Aquela casa, era meu porto seguro… Aí, eu era posta na cama, e conversávamos horas, ela 60 e poucos anos e eu nos meus interrogativos cinco. Uma companheira, guerreira, eterna, mãe, avó e amiga.
Como a saudade dói minha querida avó, como você faz falta nessa família que se abrigou tantos anos em seu ventre, mas a saudade existe para ser sentida e você, para ser lembrada. Veio a doença, insistente - e esse é um assunto que não merece abordagem intensa, somente breve e inevitável citação. Mas da segunda vez, o câncer veio mais forte, foi quando a vi desaparecer devagar: primeiro o batom, depois o cabelo, o livro, os biscoitos, as roupas de seda e por fim sobrou apenas uma toalha branca e algumas migalhas de pão.
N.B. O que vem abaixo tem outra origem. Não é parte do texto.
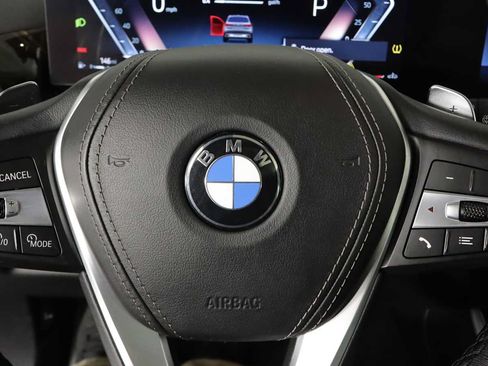 Used 2024 BMW X5 xDrive40i w/ Parking Assistance Package AWD/4WD image 17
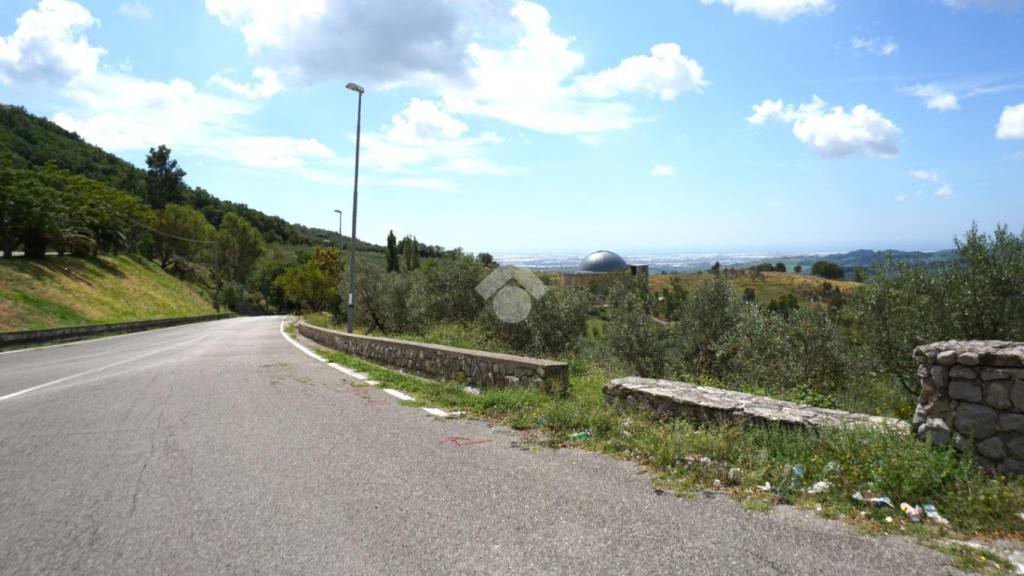 terreno agricolo in vendita a Montecorvino Rovella in zona Pezze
O piano emudeceu, como emudeceram as fotos de rostos conhecidos que o enfeitavam. Até que um dia a Senhora Morte se compadeceu e sem mais dor nem alarde cortou o fio dourado, fechando a última porta, levando consigo aquela que ainda perdura.
Mas o riso alegre, o passo enérgico, o perfume, a música, a voz e aquelas rosas, aquelas rosas permanecem comigo...Imagens inesquecíveis de quem já partiu… Mesmo que já se tenham baixado todas as cortinas…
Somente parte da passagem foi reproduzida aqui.